Texto baseado no relato de acontecimentos, mas contextualizado a partir do conhecimento do jornalista sobre o tema; pode incluir interpretações do jornalista sobre os fatos.

Como ser um aliado LGBTQIA+?

Getty Images/iStockphoto
Imagem: Getty Images/iStockphoto
Noah Scheffel

Noah é homem trans, mãe de uma filha, e pai de outra. É fundador do EducaTRANSforma, maior agente nacional de capacitação gratuita e de consultoria em empregabilidade para pessoas transgênero em tecnologia. Iniciou carreira na área de TI muito jovem e atuou por mais de 15 anos como coordenador de tecnologia, buscando inovação por meio da diversidade e desenvolvendo produtos e serviços representativos para a sociedade, criados por todas as pessoas. Atualmente é head de diversidade e inclusão em uma empresa de investimentos. Trabalha diariamente para fomentar o senso de pertencimento de todos os recortes sociais e suas interseccionalidades. Mas foi em casa que ganhou seu maior prêmio ao ouvir da filha de 7 anos: "Mãe, tenho muito orgulho de ti por causa de quem tu é pro mundo."

17/05/2021 06h00

Hoje, dia 17 de maio, é uma das datas mais importantes mundialmente para a comunidade LGBTQIA+. Essa data carrega a luta e resistência dessa população por representar o Dia Internacional Contra a Homofobia e Transfobia. Historicamente, esse foi o dia em que, em 1990, a homossexualidade deixou de ser considerada uma doença pela Organização Mundial de Saúde. De lá para cá, muito se avançou nas pautas e direitos das pessoas LGBTQIA+ ao redor do mundo, mas ainda estamos longe de uma sociedade justa e respeitosa para todas as pessoas.

E justamente por essa desigualdade é que muitas pessoas aliadas à população LGBTQIA+ se perguntam como podem ajudar na luta por direitos e acessos igualitários em um mundo ainda preconceituoso. Para começar, uma pessoa aliada entende que possui privilégios estruturais e sociais por ter uma sexualidade ou identidade normativa, que a preserva de vivenciar situações de lgbtfobia. Esse reconhecimento de privilégio pode ser realmente difícil e desconfortável, pois é como assumir que por ser uma pessoa heterossexual e cisgênero, a culpa da lgbtfobia existir é sua. E a questão aqui é quase essa, mas calma, deixa eu explicar. Vamos começar substituindo "culpa" por "responsabilidade", e você vai ver que faz sentido.

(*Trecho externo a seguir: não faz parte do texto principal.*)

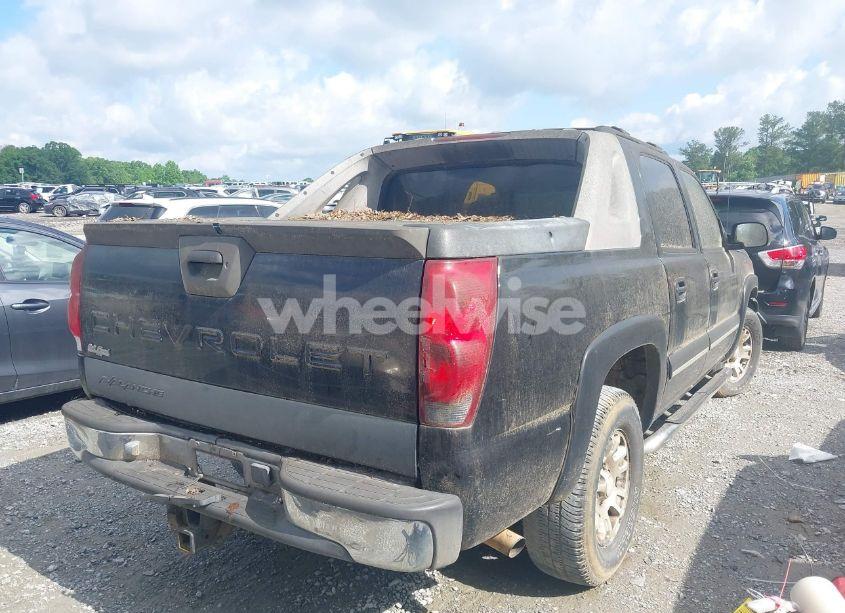 Photo 4 of 2005 Chevrolet Avalanche 1500 Z66 (VIN 3GNEC12Z95G104401)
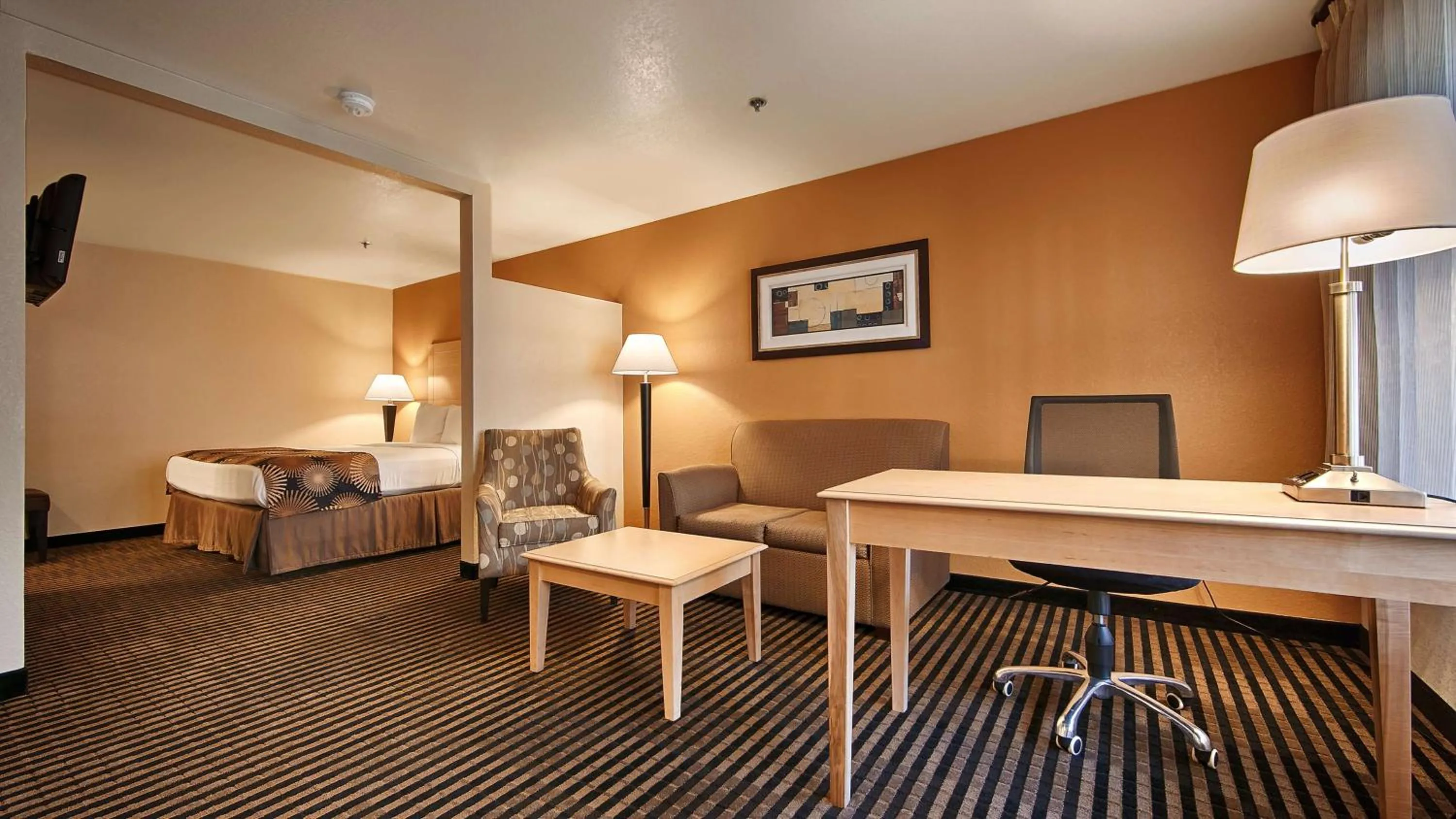 King Suite with Sofa Bed in Best Western Palm Court Inn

Você, pessoa heterossexual e cisgênero usufrui, sem perceber, de privilégios que pessoas homossexuais e bissexuais e pessoas transgênero não possuem: você tem acesso à saúde física, sempre foi permitido que você doasse sangue, você sempre pode se casar com quem amou, você nunca foi impedido de usar um banheiro público, você não foi expulso de casa ao contar aos seus pais quem você é. Eu poderia passar horas aqui escrevendo todos os privilégios que você possui unicamente pelo fato de que a sua sexualidade ou identidade de gênero é considerada "o normal" no mundo todo.

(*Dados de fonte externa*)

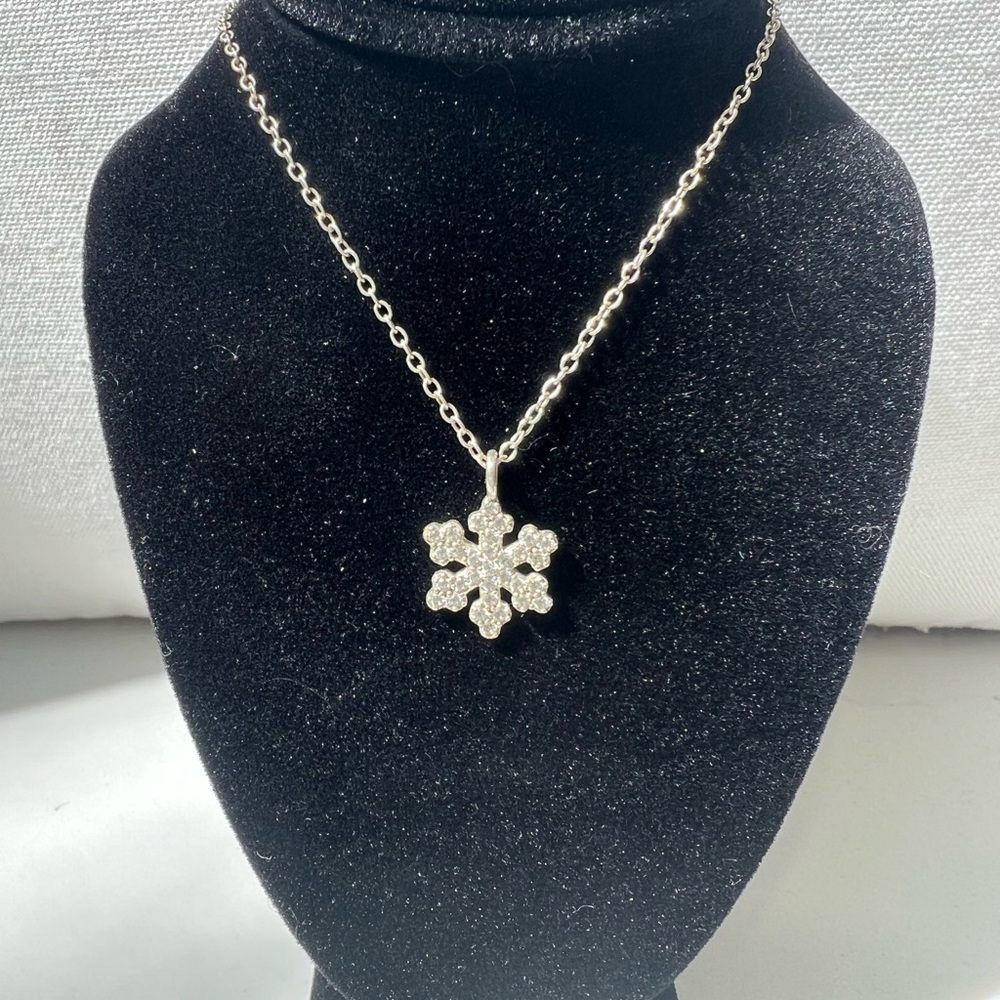 ❄️ 🌲 🎅 Vintage Sterling Silver 925 Snowflake Pendant Necklace - ✨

Entender isso, é o primeiro passo para identificar como você pode usar desse privilégio para se tornar de fato uma pessoa aliada à causa LGBTQIA+, e assumir como sua responsabilidade a luta por uma sociedade mais justa. Entenda: a culpa não é sua, mas é sua responsabilidade, visto todas essas liberdades e acessos que você possui, agir para que todas as pessoas também possuam esses mesmos direitos.

Tendo isso em mente, muitas pessoas ainda ficam na dúvida sobre o que podem fazer em termos práticos. Aqui, buscar informação sobre a realidade das pessoas que fazem parte deste recorte é muito importante. Você vai entender a história, as barreiras, os direitos ainda não conquistados e os acessos que ainda nos são negados. Vai ficar muito mais fácil de entender o seu lugar nisso tudo, pois você poderá olhar para seu histórico, seus acessos, os locais de influência que possui, e identificar em cada pedaço da sua vida onde você pode encaixar ações e mecanismos que tenham impacto positivo para as comunidades LGBTQIA+.

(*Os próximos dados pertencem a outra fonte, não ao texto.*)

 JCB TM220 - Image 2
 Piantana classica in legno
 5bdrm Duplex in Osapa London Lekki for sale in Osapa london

Alguns exemplos: se você é uma pessoa recrutadora em uma empresa, busque contratar pessoas LGBTQIA+ para fazer parte dela, visto que você já estudou e entendeu que um dos grandes problemas desse recorte é a empregabilidade. Se você é dono de algum estabelecimento público como um restaurante, respeite a legislação e deixe evidente que neste espaço as pessoas transgênero possuem seu direito de uso do banheiro conforme sua identificação de gênero. Se você tem o hábito de realizar apoios e doações a organizações que prezam pelos direitos humanos, reveja se você não está deixando de fora organizações que lutam contra a lgbtfobia. Se você é profissional de saúde, não coloque a sexualidade da pessoa que está atendendo como o principal fator para diagnosticar algo que pode ser uma simples gripe.

Se posicione publicamente como uma pessoa aliada e seja uma ponte de diálogo nos espaços que ocupa, para trazer as pessoas LGBTQIA+ para ocuparem os mesmos espaços que você.

Perceba que dentro dos aspectos da sua vida você possui infinitas alternativas de ser uma pessoa aliada à causa LGBTQIA+, e esse privilégio pode, literalmente, salvar a vida de alguém. Mesmo que os direitos tenham avançado em diversos países, a violência contra essas pessoas também aumentou, e a data de 17 de maio vem como um lembrete de que há muito ainda para percorrer para que direitos, acessos e existências sejam preservados.

Agora, há algo em comum que podemos fazer independente de quem somos: todes nós podemos nos posicionar quando identificamos atos de lgbtfobia. O seu posicionamento, além de levar para mais pessoas a consciência que você desenvolveu por uma sociedade mais justa, ainda pode trazer o benefício de salvar uma vida. E esse não é, afinal, um grande privilégio?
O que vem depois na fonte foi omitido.